What you return should be the full listing, word for word, without a single image.

**DATA SHOWN:**
========

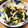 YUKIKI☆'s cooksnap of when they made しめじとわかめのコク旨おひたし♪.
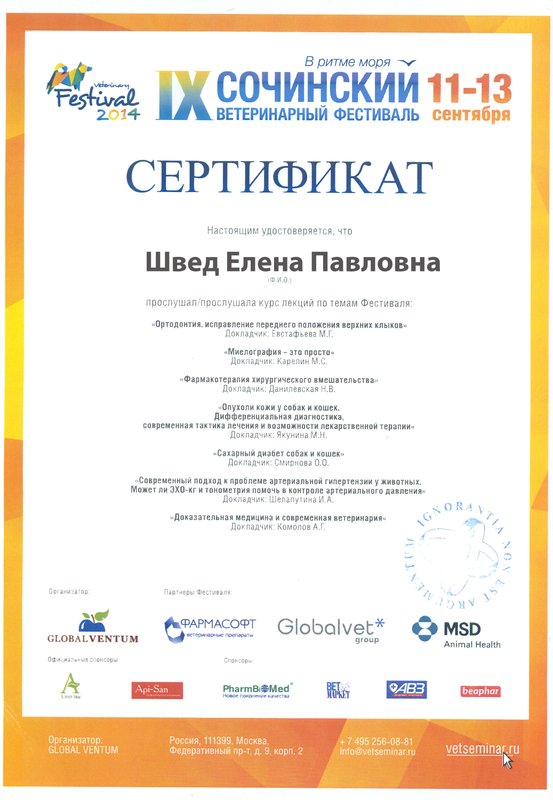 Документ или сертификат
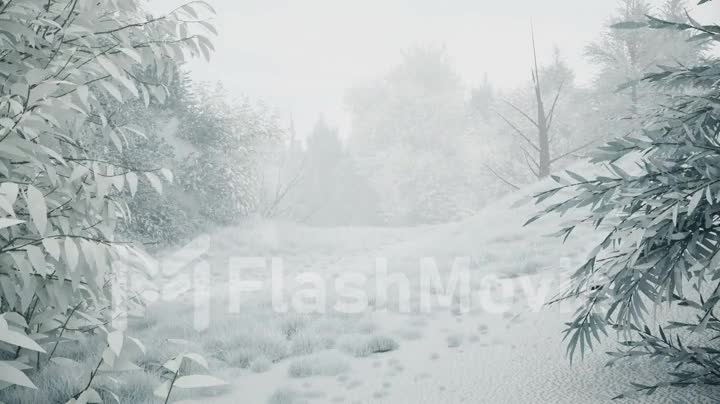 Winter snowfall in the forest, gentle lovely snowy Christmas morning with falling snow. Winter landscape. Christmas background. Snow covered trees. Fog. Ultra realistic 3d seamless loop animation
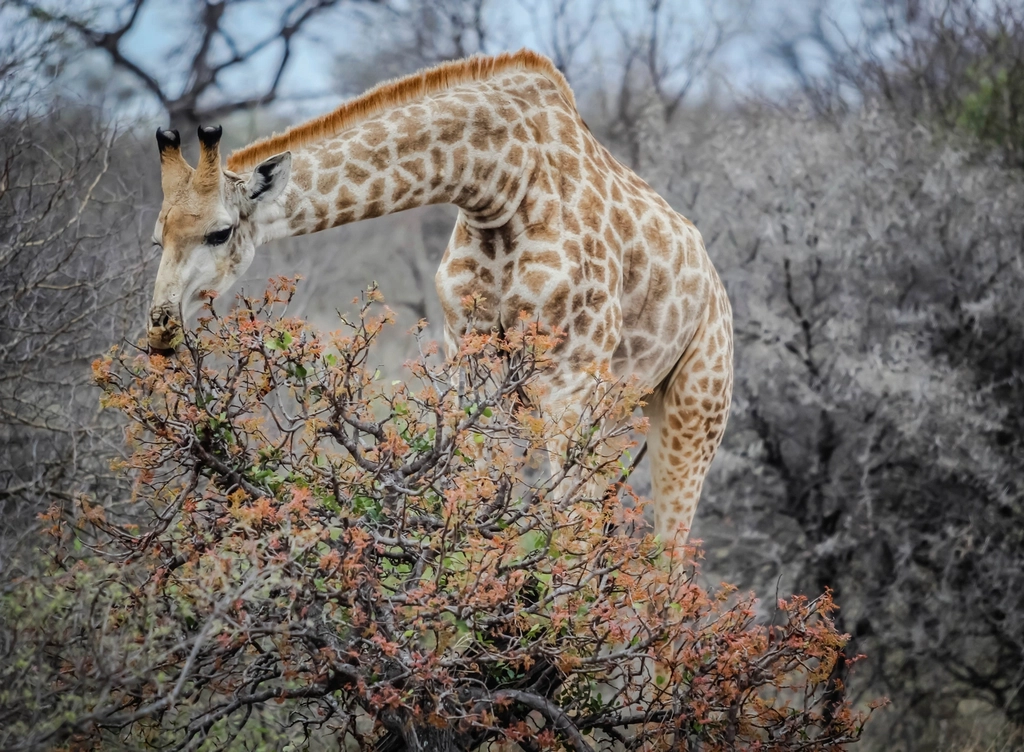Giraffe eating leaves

========

**SOLUTION TO THE PROBLEM:**
 YUKIKI☆'s cooksnap of when they made しめじとわかめのコク旨おひたし♪.
 Документ или сертификат
 Winter snowfall in the forest, gentle lovely snowy Christmas morning with falling snow. Winter landscape. Christmas background. Snow covered trees. Fog. Ultra realistic 3d seamless loop animation
Giraffe eating leaves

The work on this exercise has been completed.